Meet with Professor John N. Tsitsiklis

The University of Toronto Operations Research Group (UTORG) is hosting a meet and greet with Professor John N. Tsitsiklis, a renowned operations research expert from MIT. Refreshments will be served. We hope to see you there!

Who: Professor John N. Tsitsiklis

 

When: Wednesday June 27 @ 11:00a.m. – 12:00p.m.

Where: MB101

Bio-Sketch: John N. Tsitsiklis was born in Thessaloniki, Greece, in 1958. He received the B.S. degree in Mathematics (1980), and the B.S. (1980), M.S. (1981), and Ph.D. (1984) degrees in Electrical Engineering, all from the Massachusetts Institute of Technology, Cambridge, Massachusetts, U.S.A.
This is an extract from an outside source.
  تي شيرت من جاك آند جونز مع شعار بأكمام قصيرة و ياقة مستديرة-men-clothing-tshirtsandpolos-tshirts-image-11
During the academic year 1983-84, he was an acting assistant professor of Electrical Engineering at Stanford University, Stanford, California. Since 1984, he has been with the department of Electrical Engineering and Computer Science (EECS) at the Massachusetts Institute of Technology (MIT), where he is currently a Clarence J Lebel Professor of Electrical Engineering.
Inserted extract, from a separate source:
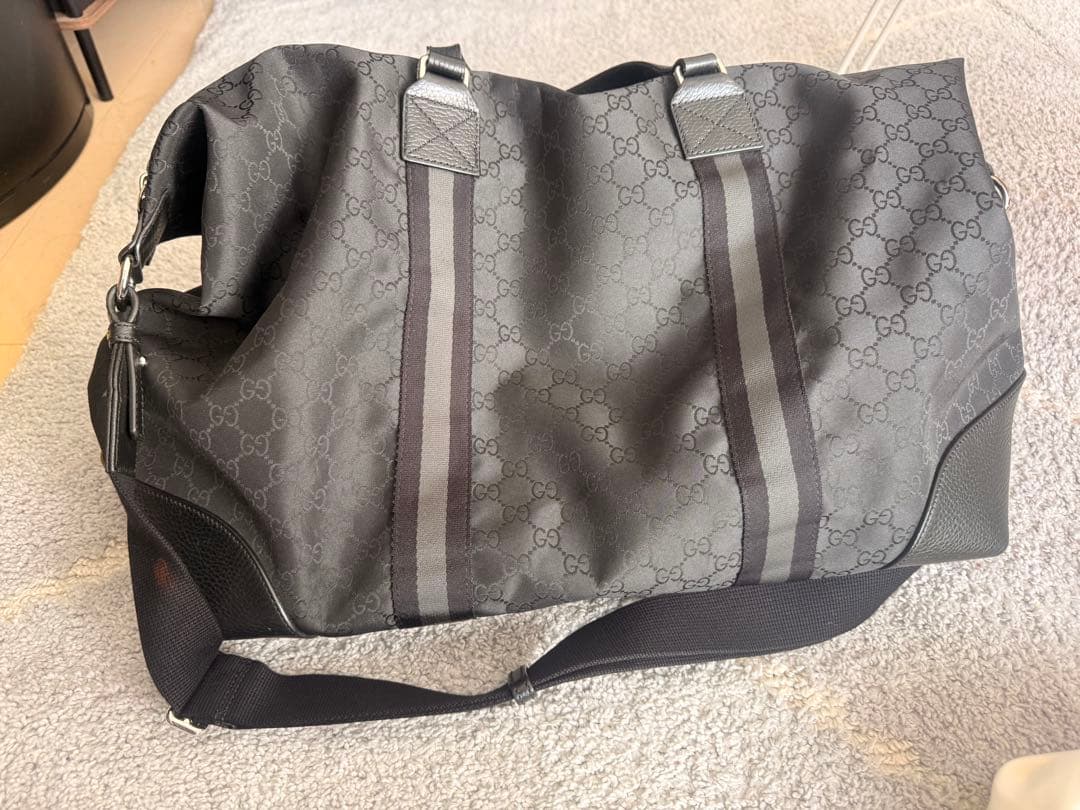 Gucci ブラック ボストンバッグ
After serving as acting co-director (Spring 1996 and 1997) and co-associate director (2008-2013), he is now the director of the Laboratory for Information and Decision Systems (LIDS). He has also served as a co-director of the Operations Research Center (ORC) (2002-2005), and as a member of the National Council on Research and Technology in Greece (2005-2007) and the associated Sectoral Research Council on Informatics (2011-2013). Finally, he has served (2013-2016) as the Chair of the Council of the Harokopio University, in Greece.

His research interests are in the fields of systems, optimization, control, and operations research. He is a coauthor of Parallel and Distributed Computation: Numerical Methods (1989, with D. Bertsekas), Neuro-Dynamic Programming (1996, with D. Bertsekas), Introduction to Linear Optimization (1997, with D. Bertsimas), and Introduction to Probability (1st ed. 2002, 2nd. ed. 2008, with D. Bertsekas). He is also a coinventor in seven awarded U.S. patents.

He has been a recipient of an IBM Faculty Development Award (1983), an NSF Presidential Young Investigator Award (1986), an Outstanding Paper Award by the IEEE Control Systems Society (1986), the M.I.T. Edgerton Faculty Achievement Award (1989), the Bodossaki Foundation Prize (1995), the MIT/EECS Louis D. Smullin Award for Teaching Excellence (2015), a co-recipient of two INFORMS Computing Society prizes (1997, 2012), a co-recipient of an ACM Sigmetrics Best Paper Award (2013), and a recipient of the ACM Sigmetrics Achievement Award (2016). He is a Fellow of the IEEE (1999) and of INFORMS (2007). In 2007, he was elected to the National Academy of Engineering. In 2008, he was conferred the title of Doctor honoris causa from the Université catholique de Louvain (Belgium).